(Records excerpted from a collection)
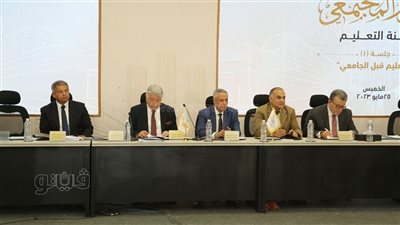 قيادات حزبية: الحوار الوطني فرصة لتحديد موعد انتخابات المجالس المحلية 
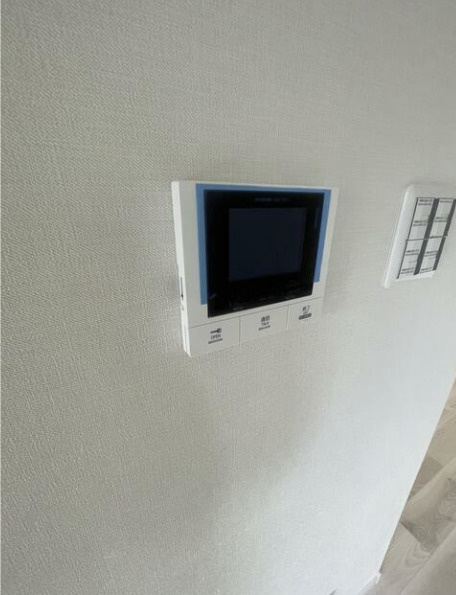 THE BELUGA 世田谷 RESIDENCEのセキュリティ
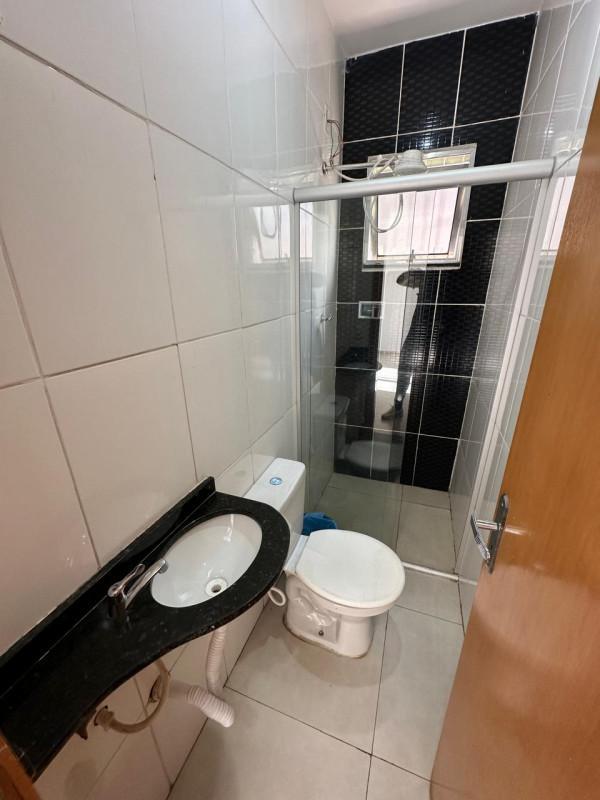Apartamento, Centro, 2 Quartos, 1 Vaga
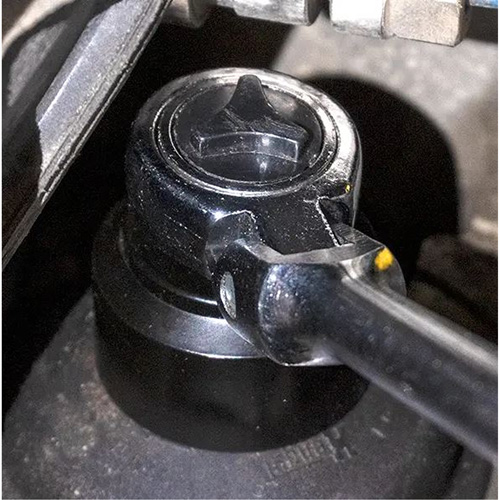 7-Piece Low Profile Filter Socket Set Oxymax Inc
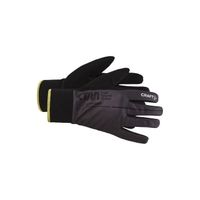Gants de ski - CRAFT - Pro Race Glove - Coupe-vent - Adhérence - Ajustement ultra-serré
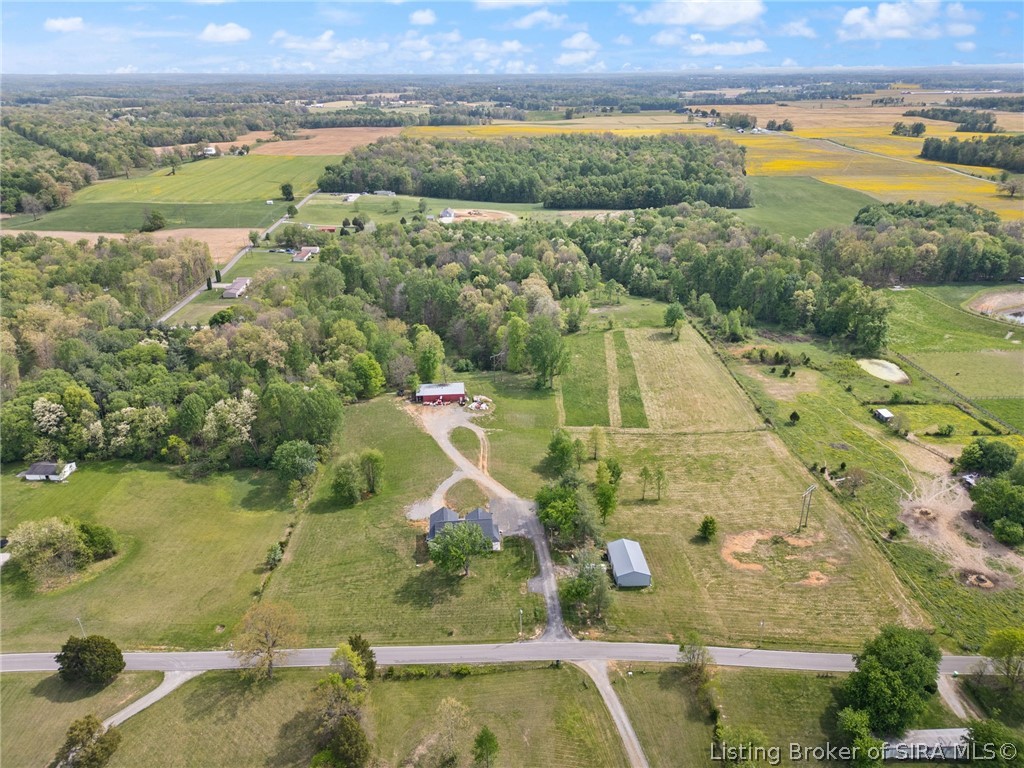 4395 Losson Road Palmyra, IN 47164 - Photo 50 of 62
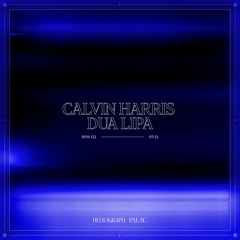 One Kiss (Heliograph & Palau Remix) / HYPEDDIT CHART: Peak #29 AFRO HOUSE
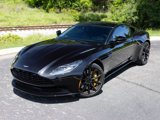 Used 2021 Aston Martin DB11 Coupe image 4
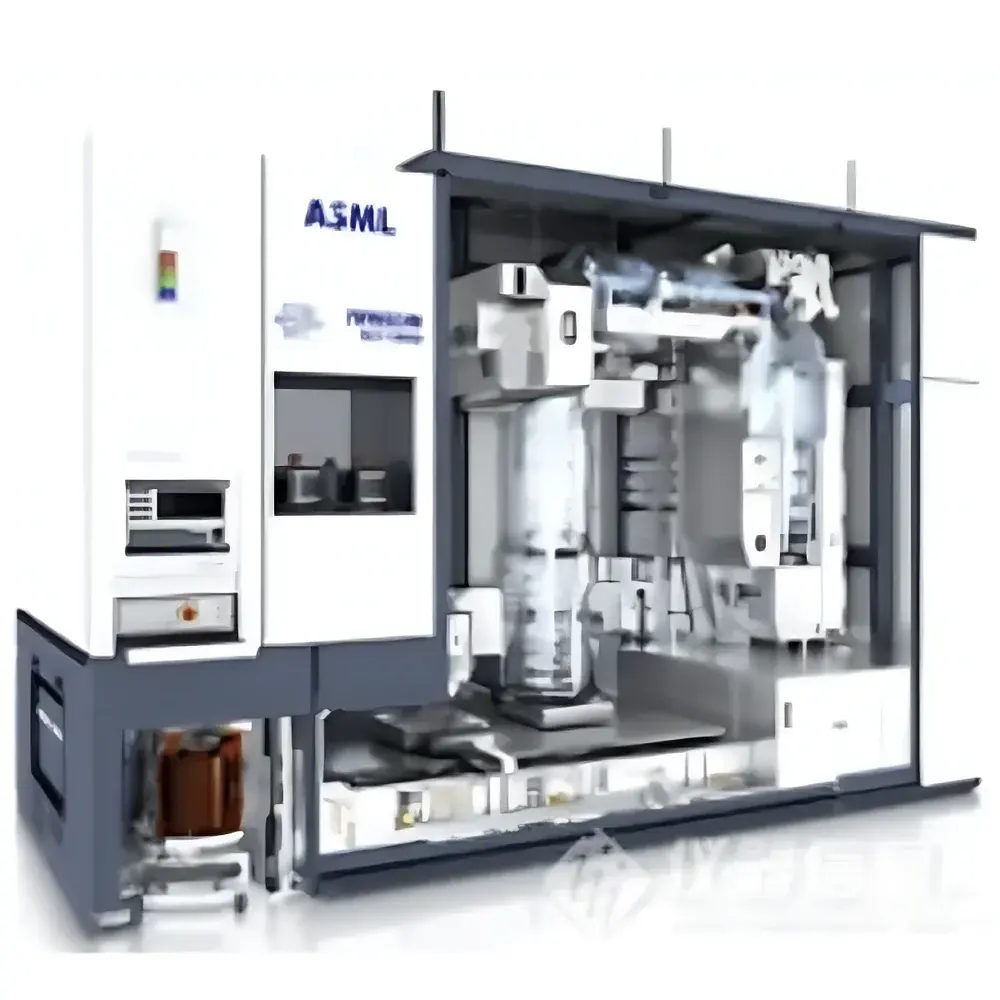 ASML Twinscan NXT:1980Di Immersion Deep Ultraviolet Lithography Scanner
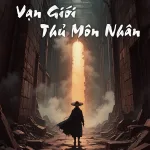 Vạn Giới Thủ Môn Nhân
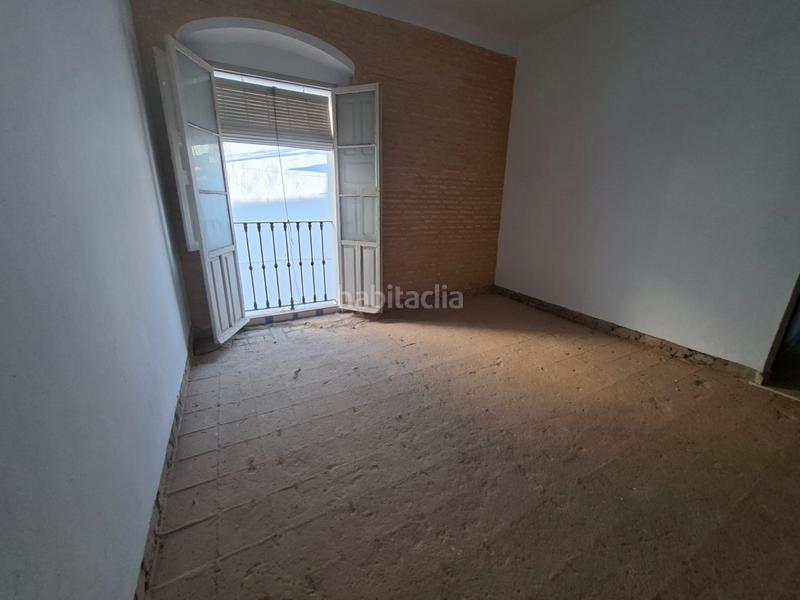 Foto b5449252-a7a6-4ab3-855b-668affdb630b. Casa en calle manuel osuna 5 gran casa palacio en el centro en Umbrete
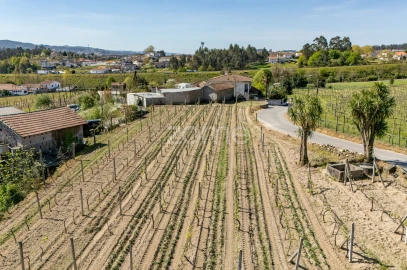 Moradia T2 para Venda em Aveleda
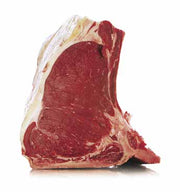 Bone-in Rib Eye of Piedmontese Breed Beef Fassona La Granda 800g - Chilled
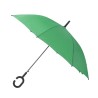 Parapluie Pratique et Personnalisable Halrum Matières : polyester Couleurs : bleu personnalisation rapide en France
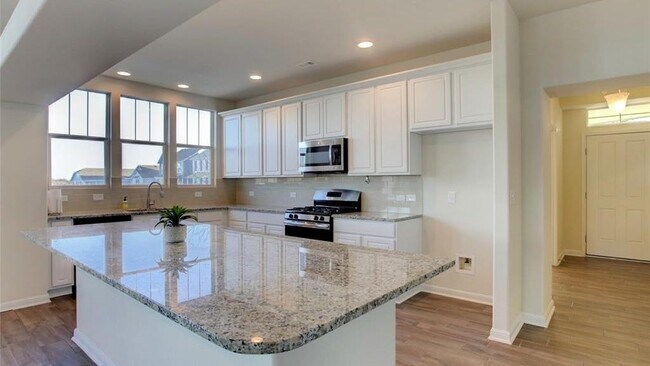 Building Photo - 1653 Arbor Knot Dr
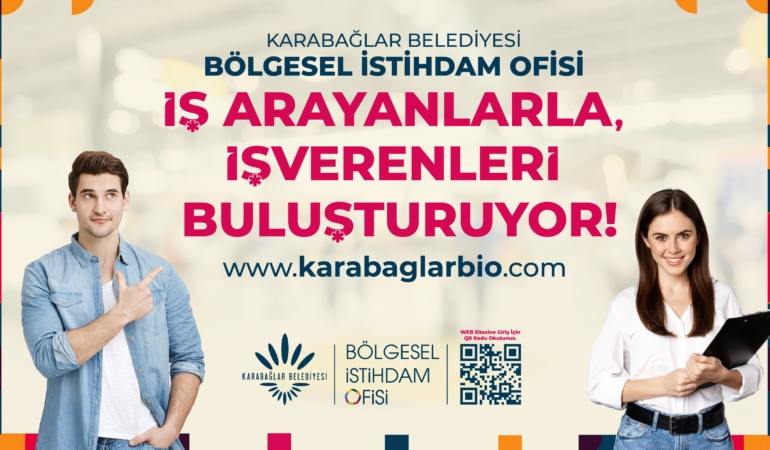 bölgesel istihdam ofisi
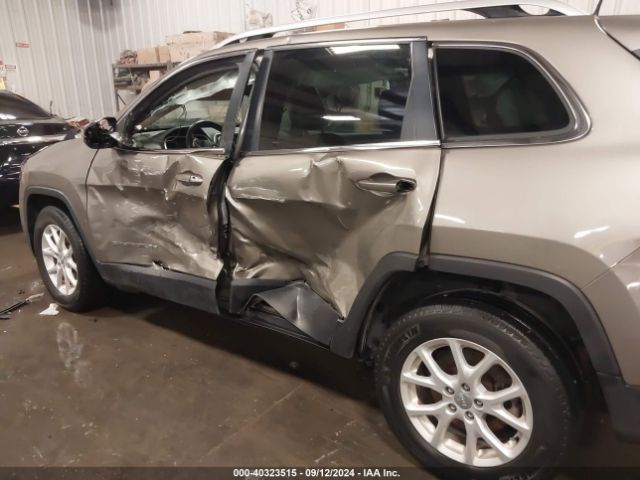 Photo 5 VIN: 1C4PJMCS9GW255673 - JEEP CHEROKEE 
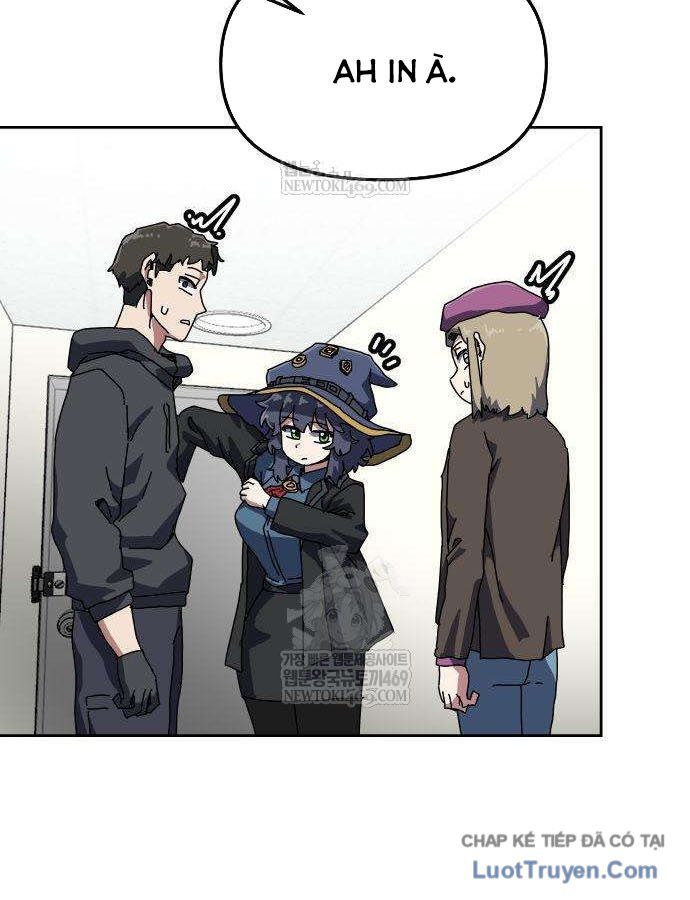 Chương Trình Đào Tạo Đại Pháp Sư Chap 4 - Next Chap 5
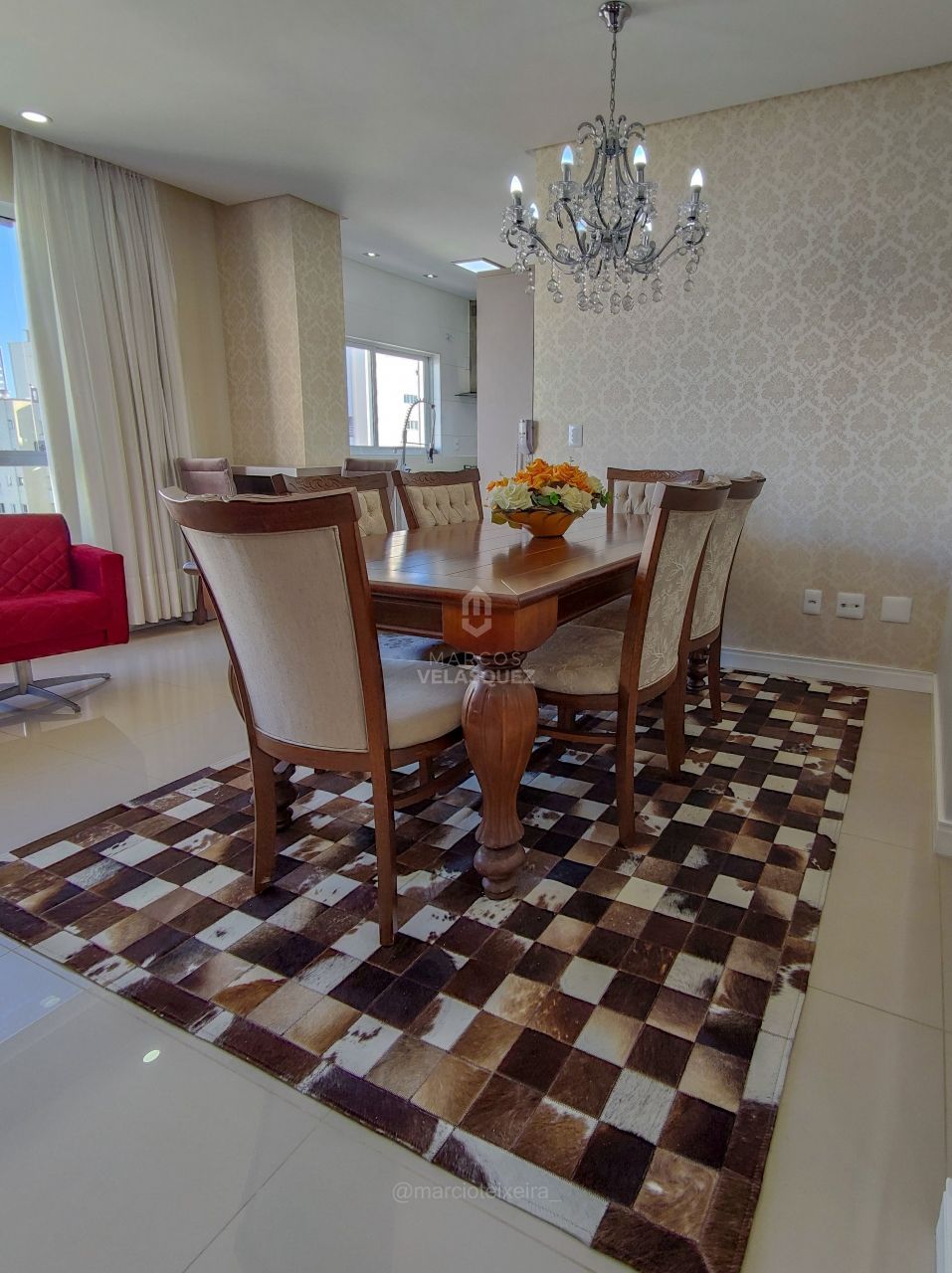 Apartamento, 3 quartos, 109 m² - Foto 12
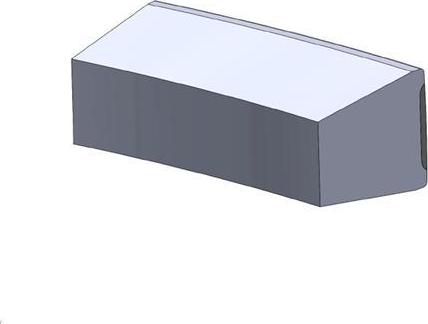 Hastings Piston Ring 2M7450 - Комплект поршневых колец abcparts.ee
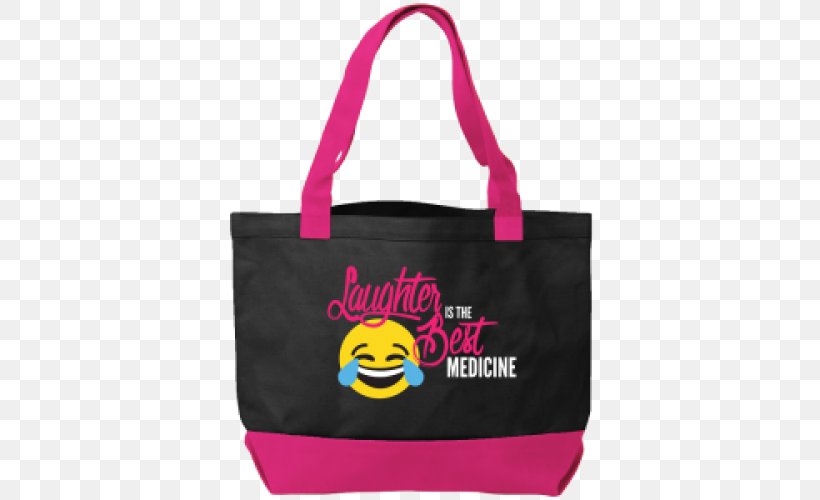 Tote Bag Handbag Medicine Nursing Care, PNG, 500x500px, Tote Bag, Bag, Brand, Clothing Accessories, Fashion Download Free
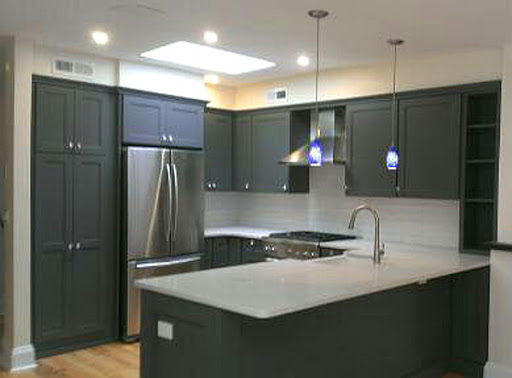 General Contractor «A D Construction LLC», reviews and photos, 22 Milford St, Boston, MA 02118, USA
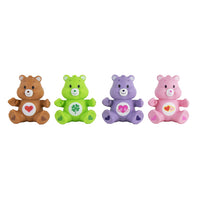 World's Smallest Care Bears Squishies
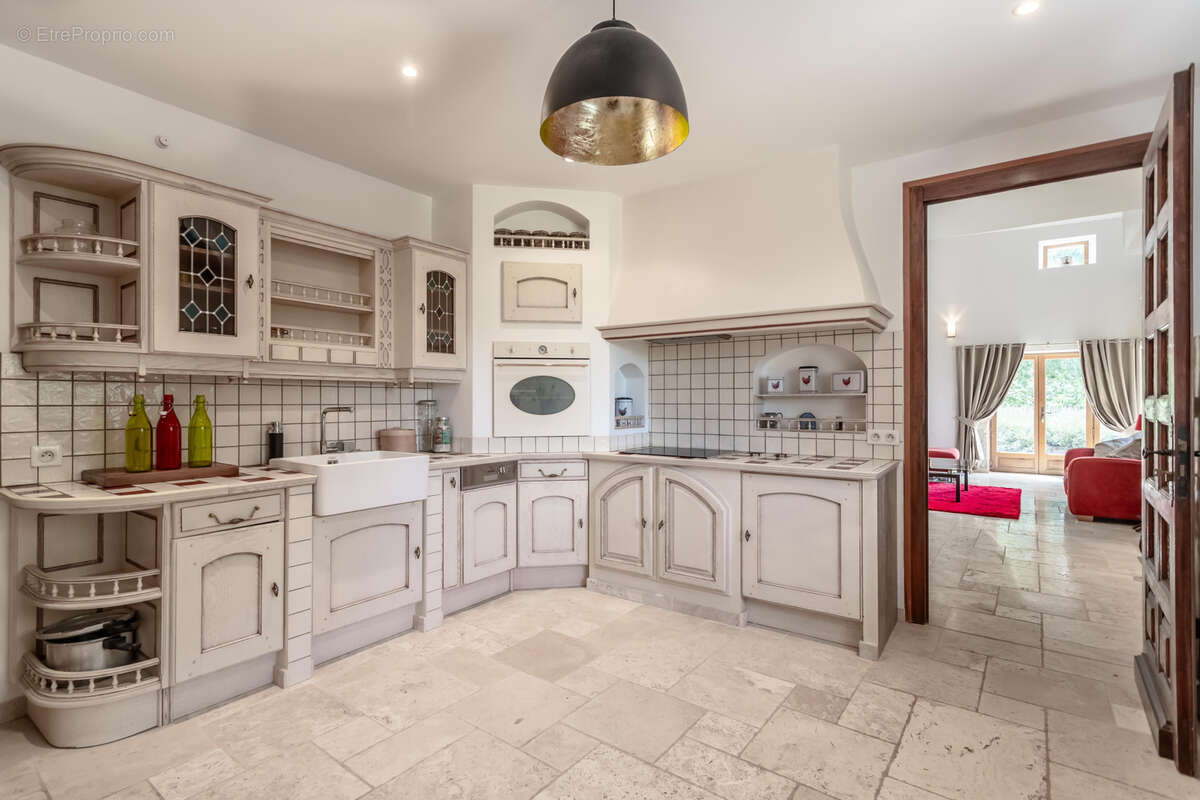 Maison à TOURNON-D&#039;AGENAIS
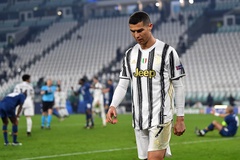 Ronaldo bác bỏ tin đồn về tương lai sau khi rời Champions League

* TASK REQUIREMENTS
Would you give the data above again word for word, minus the pictures?

* THE ANSWER
 قيادات حزبية: الحوار الوطني فرصة لتحديد موعد انتخابات المجالس المحلية 
 THE BELUGA 世田谷 RESIDENCEのセキュリティ
Apartamento, Centro, 2 Quartos, 1 Vaga
 7-Piece Low Profile Filter Socket Set Oxymax Inc
Gants de ski - CRAFT - Pro Race Glove - Coupe-vent - Adhérence - Ajustement ultra-serré
 4395 Losson Road Palmyra, IN 47164 - Photo 50 of 62
 One Kiss (Heliograph & Palau Remix) / HYPEDDIT CHART: Peak #29 AFRO HOUSE
 Used 2021 Aston Martin DB11 Coupe image 4
 ASML Twinscan NXT:1980Di Immersion Deep Ultraviolet Lithography Scanner
 Vạn Giới Thủ Môn Nhân
 Foto b5449252-a7a6-4ab3-855b-668affdb630b. Casa en calle manuel osuna 5 gran casa palacio en el centro en Umbrete
 Moradia T2 para Venda em Aveleda
 Bone-in Rib Eye of Piedmontese Breed Beef Fassona La Granda 800g - Chilled
 Parapluie Pratique et Personnalisable Halrum Matières : polyester Couleurs : bleu personnalisation rapide en France
 Building Photo - 1653 Arbor Knot Dr
 bölgesel istihdam ofisi
 Photo 5 VIN: 1C4PJMCS9GW255673 - JEEP CHEROKEE 
 Chương Trình Đào Tạo Đại Pháp Sư Chap 4 - Next Chap 5
 Apartamento, 3 quartos, 109 m² - Foto 12
 Hastings Piston Ring 2M7450 - Комплект поршневых колец abcparts.ee
 Tote Bag Handbag Medicine Nursing Care, PNG, 500x500px, Tote Bag, Bag, Brand, Clothing Accessories, Fashion Download Free
 General Contractor «A D Construction LLC», reviews and photos, 22 Milford St, Boston, MA 02118, USA
 World's Smallest Care Bears Squishies
 Maison à TOURNON-D&#039;AGENAIS
 Ronaldo bác bỏ tin đồn về tương lai sau khi rời Champions League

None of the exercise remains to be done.